Selain itu, ia menegaskan adanya batas alokasi belanja pegawai maksimal 30 persen dari APBD. Jika batas tersebut dilampaui, menurutnya anggaran sektor lain seperti pendidikan, kesehatan, pekerjaan umum, hingga pertanian berpotensi terpangkas. Kondisi ini dinilai dapat berdampak pada kepentingan masyarakat luas.
2. Pemberhentian PPPK berpotensi menimbulkan dampak luas di berbagai sektor

Subarsono memperingatkan, rencana pemberhentian PPPK berpotensi menimbulkan dampak luas di berbagai sektor. “Kalau 9.000 PPPK benar-benar diberhentikan maka akan menimbulkan dampak sosial, ekonomi, politik, dan hukum,” ujarnya.
Ia menjelaskan, dari sisi sosial kondisi tersebut dapat meningkatkan pengangguran yang berpotensi memicu kriminalitas. Secara ekonomi, penurunan daya beli masyarakat bisa terjadi dan berdampak pada perlambatan pertumbuhan daerah. Sementara dari sisi politik, pengangguran dinilai berpotensi dimanfaatkan oleh aktor tertentu sehingga mengganggu ketertiban. Adapun dari aspek hukum, PPPK yang diberhentikan sebelum masa kontrak berakhir dapat menempuh jalur hukum melalui Pengadilan Tata Usaha Negara (PTUN).
Untuk mengurangi dampak tersebut, ia menyarankan pemerintah daerah membuka ruang dialog dengan para pegawai terdampak. Selain itu, ia juga mengusulkan adanya bentuk apresiasi seperti pemberian tali kasih dan sertifikat sebagai penghargaan atas pengabdian selama menjadi PPPK.
3. Nilai Pusat takkan alokasikan dana untuk PPPK daerah
Subarsono memprediksi pemerintah pusat tidak akan mengalokasikan dana untuk honor PPPK di daerah. Ia menilai kondisi fiskal pusat tengah tertekan karena efisiensi anggaran dan kebutuhan pembiayaan berbagai program prioritas. Selain itu, pemberian bantuan hanya kepada daerah tertentu dinilai berpotensi menimbulkan ketidakadilan. “Karena tidak memiliki kriteria yang jelas dan adil, berpotensi menimbulkan riuh atau dinamika politik yang tidak menguntungkan bagi pemerintah pusat,” pungkasnya.
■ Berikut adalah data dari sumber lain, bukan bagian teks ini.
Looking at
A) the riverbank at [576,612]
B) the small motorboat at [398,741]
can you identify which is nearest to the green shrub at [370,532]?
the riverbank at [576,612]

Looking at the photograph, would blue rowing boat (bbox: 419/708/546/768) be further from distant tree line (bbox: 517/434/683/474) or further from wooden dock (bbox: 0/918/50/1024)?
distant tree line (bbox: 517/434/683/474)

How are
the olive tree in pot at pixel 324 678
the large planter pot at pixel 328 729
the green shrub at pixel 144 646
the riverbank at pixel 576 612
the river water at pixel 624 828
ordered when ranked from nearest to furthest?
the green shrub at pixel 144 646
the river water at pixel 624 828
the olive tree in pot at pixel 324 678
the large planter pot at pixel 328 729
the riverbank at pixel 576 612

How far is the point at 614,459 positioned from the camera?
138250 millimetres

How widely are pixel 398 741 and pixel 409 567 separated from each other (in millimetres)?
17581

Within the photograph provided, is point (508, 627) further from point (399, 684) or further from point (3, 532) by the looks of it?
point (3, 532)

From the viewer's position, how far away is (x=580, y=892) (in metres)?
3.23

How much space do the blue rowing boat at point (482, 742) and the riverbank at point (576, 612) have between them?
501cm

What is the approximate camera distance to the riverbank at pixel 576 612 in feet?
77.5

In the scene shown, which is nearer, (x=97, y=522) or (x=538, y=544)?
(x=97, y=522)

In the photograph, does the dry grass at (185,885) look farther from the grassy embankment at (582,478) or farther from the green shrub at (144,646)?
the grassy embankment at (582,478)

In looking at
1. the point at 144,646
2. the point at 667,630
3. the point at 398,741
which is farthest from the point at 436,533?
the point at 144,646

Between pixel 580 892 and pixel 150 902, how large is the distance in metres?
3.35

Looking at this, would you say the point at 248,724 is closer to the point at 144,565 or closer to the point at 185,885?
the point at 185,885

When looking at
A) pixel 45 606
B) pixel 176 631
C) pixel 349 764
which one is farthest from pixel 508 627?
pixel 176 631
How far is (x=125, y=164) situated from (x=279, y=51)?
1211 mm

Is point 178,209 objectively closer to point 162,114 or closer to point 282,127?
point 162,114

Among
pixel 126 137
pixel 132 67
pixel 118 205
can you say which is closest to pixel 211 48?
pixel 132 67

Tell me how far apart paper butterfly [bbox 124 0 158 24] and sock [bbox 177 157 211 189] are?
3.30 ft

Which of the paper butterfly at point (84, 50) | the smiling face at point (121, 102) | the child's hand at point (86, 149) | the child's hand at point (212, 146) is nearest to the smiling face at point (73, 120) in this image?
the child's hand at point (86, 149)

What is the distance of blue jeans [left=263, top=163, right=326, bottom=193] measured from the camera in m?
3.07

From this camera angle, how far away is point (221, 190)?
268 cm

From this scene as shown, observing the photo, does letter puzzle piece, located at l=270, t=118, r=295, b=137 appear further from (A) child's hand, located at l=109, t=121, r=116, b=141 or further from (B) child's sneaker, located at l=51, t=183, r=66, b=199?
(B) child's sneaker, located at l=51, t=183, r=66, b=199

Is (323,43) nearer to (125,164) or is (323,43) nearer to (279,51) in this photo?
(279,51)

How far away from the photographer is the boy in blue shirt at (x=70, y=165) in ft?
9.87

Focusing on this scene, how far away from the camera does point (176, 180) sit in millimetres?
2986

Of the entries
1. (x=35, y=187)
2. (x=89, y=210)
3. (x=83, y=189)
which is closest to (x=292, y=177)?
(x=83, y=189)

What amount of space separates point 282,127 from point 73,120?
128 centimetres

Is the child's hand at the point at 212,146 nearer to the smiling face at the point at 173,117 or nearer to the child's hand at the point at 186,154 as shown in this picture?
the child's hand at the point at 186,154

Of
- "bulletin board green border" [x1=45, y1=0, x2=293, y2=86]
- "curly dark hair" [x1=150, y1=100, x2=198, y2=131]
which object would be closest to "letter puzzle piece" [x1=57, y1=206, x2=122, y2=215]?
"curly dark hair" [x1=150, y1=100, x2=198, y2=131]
Ia juga melihat persoalan ini sebagai gambaran masalah struktural dalam relasi pemerintah pusat dan daerah. Menurutnya, kasus PPPK di NTT, Sulawesi Barat, dan Bangka Belitung dapat menjadi momentum untuk mengevaluasi kebijakan makro pemerintahan daerah. Ia menjelaskan, berdasarkan UU Nomor 32 Tahun 2004 tentang Pemerintahan Daerah, pemerintah pusat hanya menangani enam urusan, yakni politik luar negeri, pertahanan, keamanan, yustisi, moneter dan fiskal nasional, serta agama, sementara urusan lainnya diserahkan ke daerah.
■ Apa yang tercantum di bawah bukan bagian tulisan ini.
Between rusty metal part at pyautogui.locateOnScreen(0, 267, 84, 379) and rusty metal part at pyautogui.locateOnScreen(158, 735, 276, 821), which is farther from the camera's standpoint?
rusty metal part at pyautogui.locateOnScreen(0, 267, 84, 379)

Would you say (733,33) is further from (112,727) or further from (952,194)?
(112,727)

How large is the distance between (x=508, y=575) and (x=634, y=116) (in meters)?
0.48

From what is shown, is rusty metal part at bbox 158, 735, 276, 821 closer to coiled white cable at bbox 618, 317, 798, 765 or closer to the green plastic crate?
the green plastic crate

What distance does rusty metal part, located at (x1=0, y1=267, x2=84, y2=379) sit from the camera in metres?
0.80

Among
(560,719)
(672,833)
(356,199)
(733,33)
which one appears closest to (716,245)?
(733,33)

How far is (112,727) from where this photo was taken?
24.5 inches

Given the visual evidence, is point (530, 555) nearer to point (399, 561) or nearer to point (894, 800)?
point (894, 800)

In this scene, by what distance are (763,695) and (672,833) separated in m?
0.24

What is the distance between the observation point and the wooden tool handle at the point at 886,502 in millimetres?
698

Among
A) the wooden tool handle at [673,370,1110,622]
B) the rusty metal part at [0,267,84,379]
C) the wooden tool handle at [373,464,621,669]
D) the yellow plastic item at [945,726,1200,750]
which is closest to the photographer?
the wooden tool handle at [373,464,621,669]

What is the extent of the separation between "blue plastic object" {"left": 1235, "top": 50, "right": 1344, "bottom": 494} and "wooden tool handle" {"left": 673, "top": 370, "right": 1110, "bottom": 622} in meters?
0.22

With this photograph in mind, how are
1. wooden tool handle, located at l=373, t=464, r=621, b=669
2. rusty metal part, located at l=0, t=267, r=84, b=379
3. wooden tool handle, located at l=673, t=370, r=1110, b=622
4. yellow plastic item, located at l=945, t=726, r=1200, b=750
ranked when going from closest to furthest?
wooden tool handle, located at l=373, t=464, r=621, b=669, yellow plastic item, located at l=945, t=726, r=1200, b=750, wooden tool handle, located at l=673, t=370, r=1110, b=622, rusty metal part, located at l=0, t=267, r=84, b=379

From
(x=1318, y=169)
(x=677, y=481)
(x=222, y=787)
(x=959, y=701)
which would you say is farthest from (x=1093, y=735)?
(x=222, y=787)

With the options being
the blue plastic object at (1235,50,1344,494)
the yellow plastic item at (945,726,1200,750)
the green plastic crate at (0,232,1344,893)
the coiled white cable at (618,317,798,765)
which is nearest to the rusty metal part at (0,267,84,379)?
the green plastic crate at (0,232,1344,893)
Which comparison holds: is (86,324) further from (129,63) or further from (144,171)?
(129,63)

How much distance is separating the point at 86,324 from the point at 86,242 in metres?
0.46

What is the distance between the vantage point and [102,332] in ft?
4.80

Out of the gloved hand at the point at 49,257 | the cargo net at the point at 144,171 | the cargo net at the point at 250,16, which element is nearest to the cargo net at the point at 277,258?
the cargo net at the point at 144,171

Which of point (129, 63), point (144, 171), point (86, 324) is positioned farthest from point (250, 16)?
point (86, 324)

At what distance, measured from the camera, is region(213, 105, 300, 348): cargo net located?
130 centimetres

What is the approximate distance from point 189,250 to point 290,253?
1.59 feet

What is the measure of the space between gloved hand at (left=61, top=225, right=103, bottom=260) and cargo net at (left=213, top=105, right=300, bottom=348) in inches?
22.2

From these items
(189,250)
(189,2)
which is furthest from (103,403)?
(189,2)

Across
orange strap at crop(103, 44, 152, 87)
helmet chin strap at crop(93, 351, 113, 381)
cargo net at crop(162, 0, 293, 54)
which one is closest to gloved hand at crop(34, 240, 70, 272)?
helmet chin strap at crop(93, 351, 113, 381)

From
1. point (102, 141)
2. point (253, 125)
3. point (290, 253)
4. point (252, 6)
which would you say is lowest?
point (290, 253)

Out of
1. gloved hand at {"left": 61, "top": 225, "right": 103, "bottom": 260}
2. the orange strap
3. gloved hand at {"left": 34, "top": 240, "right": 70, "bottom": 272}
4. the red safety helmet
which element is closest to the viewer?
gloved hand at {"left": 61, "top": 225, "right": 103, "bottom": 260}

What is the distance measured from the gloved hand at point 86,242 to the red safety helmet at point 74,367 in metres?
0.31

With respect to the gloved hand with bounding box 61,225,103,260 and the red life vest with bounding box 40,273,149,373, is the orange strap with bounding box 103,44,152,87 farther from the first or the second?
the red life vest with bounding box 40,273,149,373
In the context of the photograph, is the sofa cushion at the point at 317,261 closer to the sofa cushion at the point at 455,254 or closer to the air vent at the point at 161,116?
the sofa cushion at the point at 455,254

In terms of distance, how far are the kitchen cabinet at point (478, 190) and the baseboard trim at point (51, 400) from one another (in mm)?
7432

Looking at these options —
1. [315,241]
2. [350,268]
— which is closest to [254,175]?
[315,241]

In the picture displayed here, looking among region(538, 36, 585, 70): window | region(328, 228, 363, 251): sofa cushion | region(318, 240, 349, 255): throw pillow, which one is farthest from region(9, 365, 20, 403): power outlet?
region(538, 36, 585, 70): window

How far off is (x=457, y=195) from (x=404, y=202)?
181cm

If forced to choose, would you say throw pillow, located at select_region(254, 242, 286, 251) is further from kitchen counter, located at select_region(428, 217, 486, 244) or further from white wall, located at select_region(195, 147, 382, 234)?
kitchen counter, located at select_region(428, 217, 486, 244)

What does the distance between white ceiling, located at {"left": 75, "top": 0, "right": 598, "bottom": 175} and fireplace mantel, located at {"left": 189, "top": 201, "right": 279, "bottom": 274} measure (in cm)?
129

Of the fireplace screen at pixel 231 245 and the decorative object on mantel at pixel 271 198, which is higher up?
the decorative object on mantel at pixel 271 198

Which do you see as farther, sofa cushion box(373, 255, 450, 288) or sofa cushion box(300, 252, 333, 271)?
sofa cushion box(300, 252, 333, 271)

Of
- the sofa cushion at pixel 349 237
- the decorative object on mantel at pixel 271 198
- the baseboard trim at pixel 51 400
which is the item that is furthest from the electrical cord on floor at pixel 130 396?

Di sisi lain, kemampuan keuangan daerah yang bersumber dari Pendapatan Asli Daerah (PAD) kerap terbatas sehingga menghambat pembangunan di berbagai sektor. Karena itu, Subarsono mendorong penerapan desentralisasi asimetris dalam pengelolaan pemerintahan daerah, dengan penyesuaian jumlah dan jenis kewenangan berdasarkan kapasitas fiskal masing-masing daerah. Daerah dengan kemampuan keuangan tinggi dapat diberi tanggung jawab lebih besar dibandingkan daerah dengan kapasitas rendah. “Untuk itu perlu dibuat riset atau kajian akademik lebih dulu untuk memetakan derajat kemampuan keuangan daerah,” pungkasnya.